● **Data supplied**:
╭──

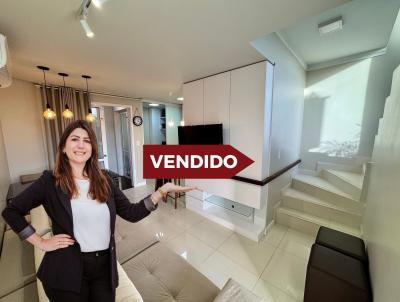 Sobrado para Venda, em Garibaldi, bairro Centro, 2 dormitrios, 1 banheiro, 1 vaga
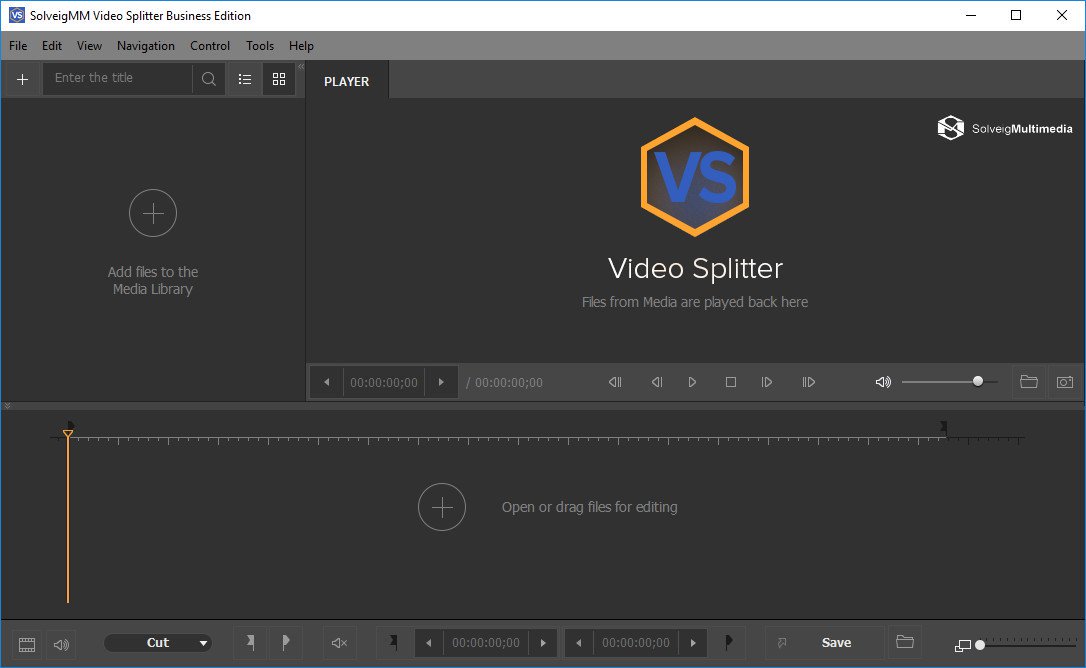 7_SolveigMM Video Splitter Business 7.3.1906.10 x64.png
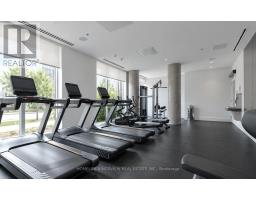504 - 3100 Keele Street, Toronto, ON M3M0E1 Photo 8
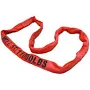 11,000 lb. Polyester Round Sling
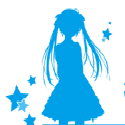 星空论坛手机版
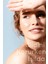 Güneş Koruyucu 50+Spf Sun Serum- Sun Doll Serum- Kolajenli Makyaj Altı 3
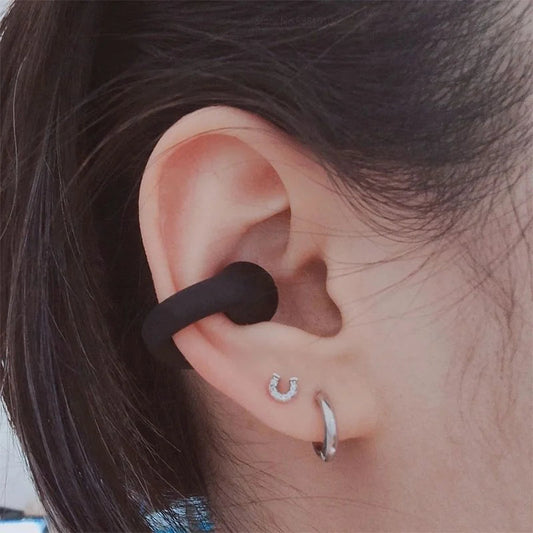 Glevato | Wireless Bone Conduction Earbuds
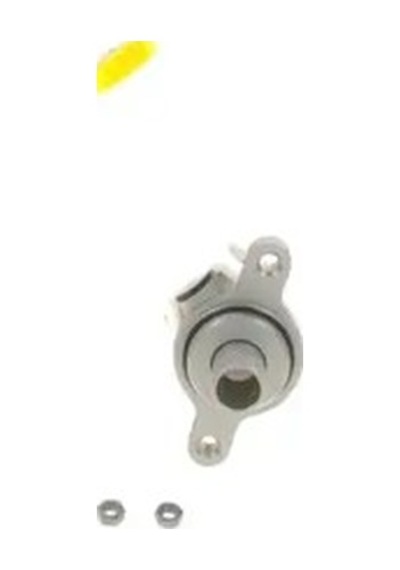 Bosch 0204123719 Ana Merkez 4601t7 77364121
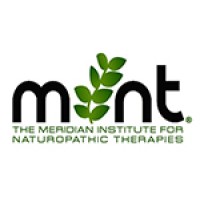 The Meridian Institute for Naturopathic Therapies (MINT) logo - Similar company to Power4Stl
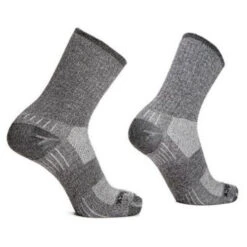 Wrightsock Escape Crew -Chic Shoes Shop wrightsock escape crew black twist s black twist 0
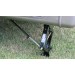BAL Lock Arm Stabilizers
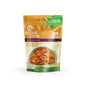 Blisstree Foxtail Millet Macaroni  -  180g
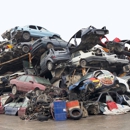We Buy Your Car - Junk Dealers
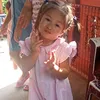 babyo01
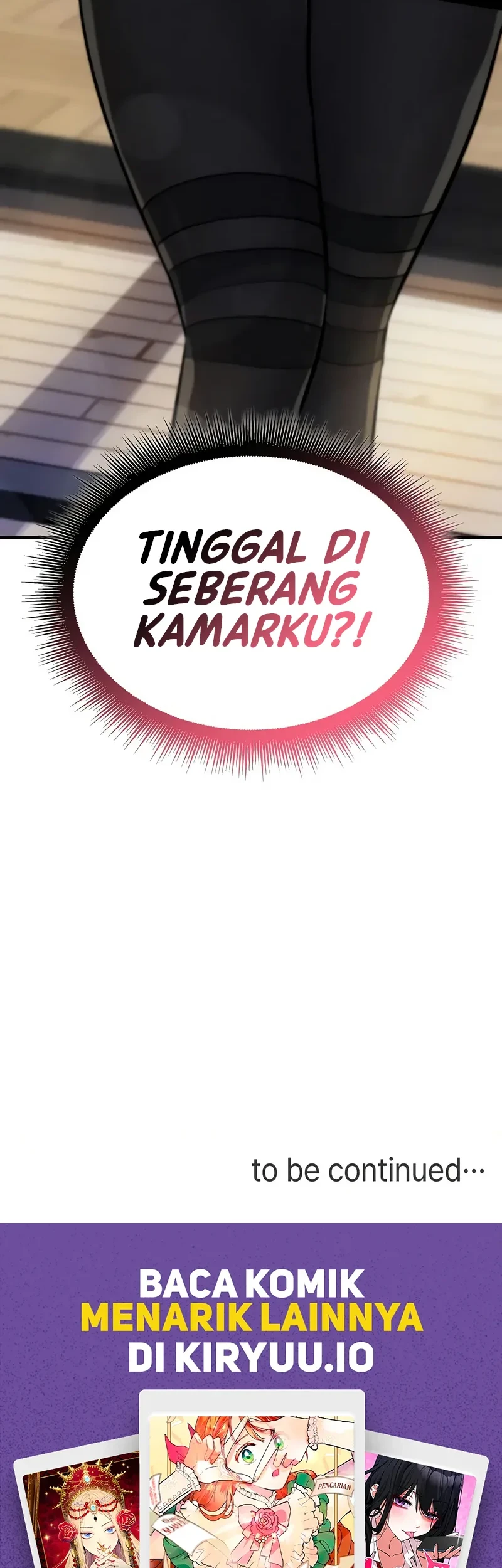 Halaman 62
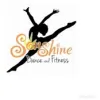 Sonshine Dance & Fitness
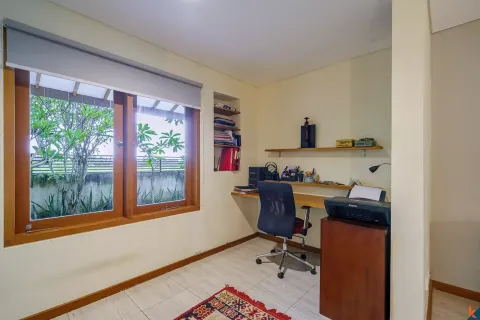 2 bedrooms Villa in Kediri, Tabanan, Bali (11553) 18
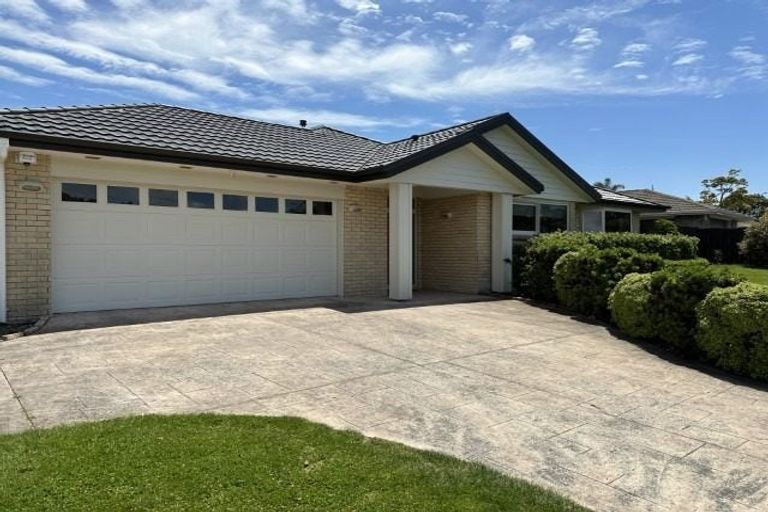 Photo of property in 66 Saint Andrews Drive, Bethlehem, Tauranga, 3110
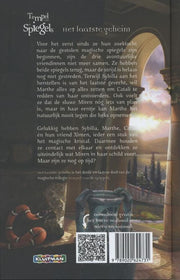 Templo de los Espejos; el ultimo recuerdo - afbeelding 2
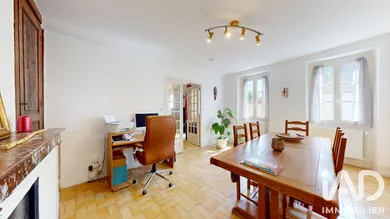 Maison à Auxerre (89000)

╰──

● **Work request**: Transcribe the listing above exactly, but only from the line with "11,000 lb. Polyester Round Sling" through the line with "2 bedrooms Villa". Include both of those lines and omit the pictures.

● **Result of the exercise**:
 11,000 lb. Polyester Round Sling
 星空论坛手机版
 Güneş Koruyucu 50+Spf Sun Serum- Sun Doll Serum- Kolajenli Makyaj Altı 3
 Glevato | Wireless Bone Conduction Earbuds
 Bosch 0204123719 Ana Merkez 4601t7 77364121
 The Meridian Institute for Naturopathic Therapies (MINT) logo - Similar company to Power4Stl
 Wrightsock Escape Crew -Chic Shoes Shop wrightsock escape crew black twist s black twist 0
BAL Lock Arm Stabilizers
 Blisstree Foxtail Millet Macaroni  -  180g
We Buy Your Car - Junk Dealers
 babyo01
 Halaman 62
 Sonshine Dance & Fitness
 2 bedrooms Villa in Kediri, Tabanan, Bali (11553) 18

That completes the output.